One such model is the circle, long considered the most perfect of spatial shapes. The circle’s primary features are: the center, the point from which the circle’s area extends uniformly in all directions; the radius, which is the distance from the circle’s center to its outer limit; and the circumference, the circle’s outer rim, which contains the area of the circle within it. The circumference is approximately 2 six times the length of the radius. This is true of all circles, regardless of size: the greater the radius, the greater the area of the circle, and thus the greater the circumference that encloses this area; but the proportion always remains the same—each additional inch (or yard, or mile) of radius will translate into (slightly more than) six additional inches (or yards, or miles) of circumference.

The geometric point possesses no area; as such, it would seem to hardly qualify as a component of space. In truth, of course, the very opposite is true: the point is the most basic component of all geometric forms—every line is defined by the points that mark its beginning, end, center, convergence with other lines, etc.; and every area is defined by the lines that frame it. Indeed, it is precisely because the point possesses no area itself that it can define and quantify the areas that relate to it.

This is exemplified by the circle’s center. A “mere” point, the center occupies none of the circle’s area; but it is precisely the center that makes the circle a circle. The radius extends from it, the diameter turns on it, the circumference is drawn in relation to it—virtually every feature and characteristic of the circle is derived from the point upon which it is centered.

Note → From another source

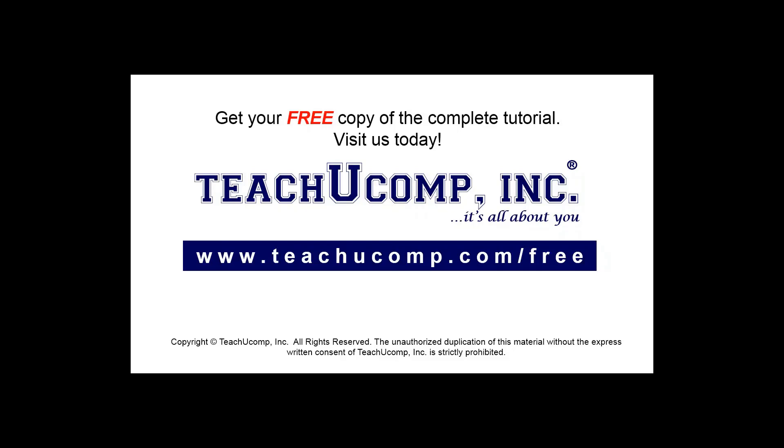Get your free copy of the complete tutorial at www.teachucomp.com/free.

To understand the week—the seven-day cycle which the Creator stamped into the very fabric of time—we must envision it as a circle. The exterior surface of this circle (its “circumference”) is the six workdays—days that are tracts of time, expanses of progression and change. The center of the circle is Shabbat. Shabbat is a timeless point in time, an island of tranquility in a sea of flux. Yet despite—indeed, because of—its “timelessness,” Shabbat is the axis upon which the most basic of time cycles, the week, turns.

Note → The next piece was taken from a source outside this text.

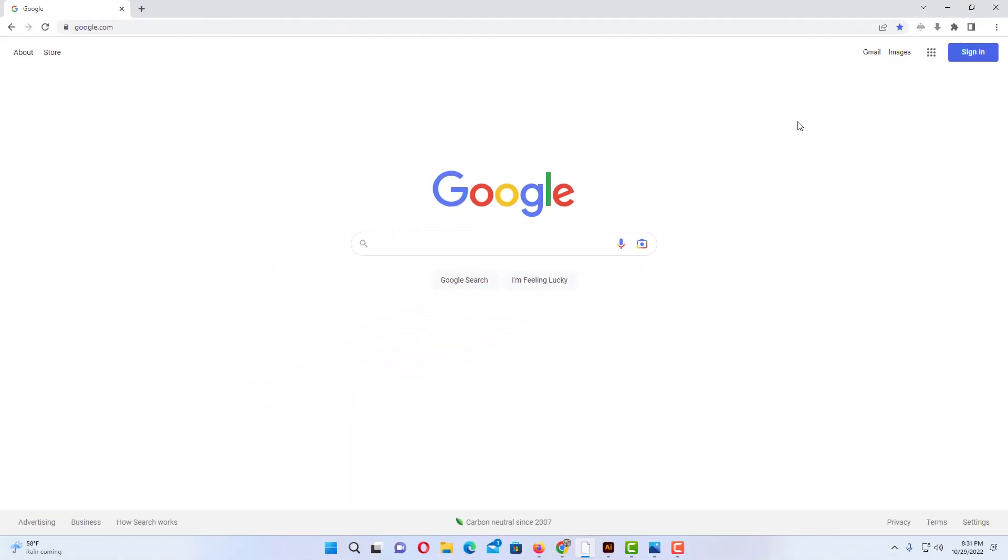That is how you display the bookmarks bar in the Epic Privacy Browser. Thanks for watching.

For Shabbat is the day that embodies the purpose and end-goal of time—the objective of all the work, development and change in our restless existence. On Shabbat, our efforts of the past six workdays yield a holier and more G‑dly world, a world brought that much closer to the harmonious perfection that G‑d imbued in creation and charged us to develop. One day a week, we penetrate below the whirling perimeter of time to experience its tranquil core. One day a week, we enjoy a “taste of the world to come,” a taste of an age that is “wholly Shabbat and rest, for everlasting life”—the eternal Shabbat of Moshiach that we are striving towards. And it is this weekly taste of tranquil perfection that supplies us with the vision and fortitude to grapple with and transform the still imperfect world to which we return during the six workdays of the coming week.

Shabbat, then, is both the source and the goal of the six days of “conventional” time that form the circumference of the weekly cycle. It is thus the very essence of time, precisely because it is devoid of the motion and flux which characterize time—in the same way that the area of the circle derives from and is defined by its center point, precisely because of the center’s own arealessness.

The Ratio

In the circle of time, the distance from center to surface is multiplied sixfold, resulting in a “circumference” that is six times the “radius”: six workdays result from the journey out of the tranquil center of the week to its moving surface. For life is a six-dimensional affair, reflecting the six divine attributes (sefirot) that G‑d invested in His creation. Thus, we have six days of creation, with Shabbat as its “timeless” core; we have the six directions of space, and the arealess center from which they extend; we have the six basic affections of the heart (attraction, rejection, synthesis, competitiveness, devotion and communicativity3), and the seventh attribute, malchut (“receptiveness”), which, while “possessing no qualities of its own”4 is the focal point and implementor of them all. The entirety of existence is comprised of these six basic elements, coloring every endeavor and experience with the six basic hues of reality.

Another law of circle geometry is that the greater the radius, the greater the circumference. The same is true of the circle of time. The further we depart from its timeless center, the more “body” time has: the more turbulent it is, the more it is at odds with the “Shabbat” at its core.

But no matter how great the surface flux of our life, it is inexorably bound to the tranquil axis, deriving from it and tending to it. Ultimately, the most tumultuous periods of our lives are generated by its quintessential purpose, and serve its harmonious end.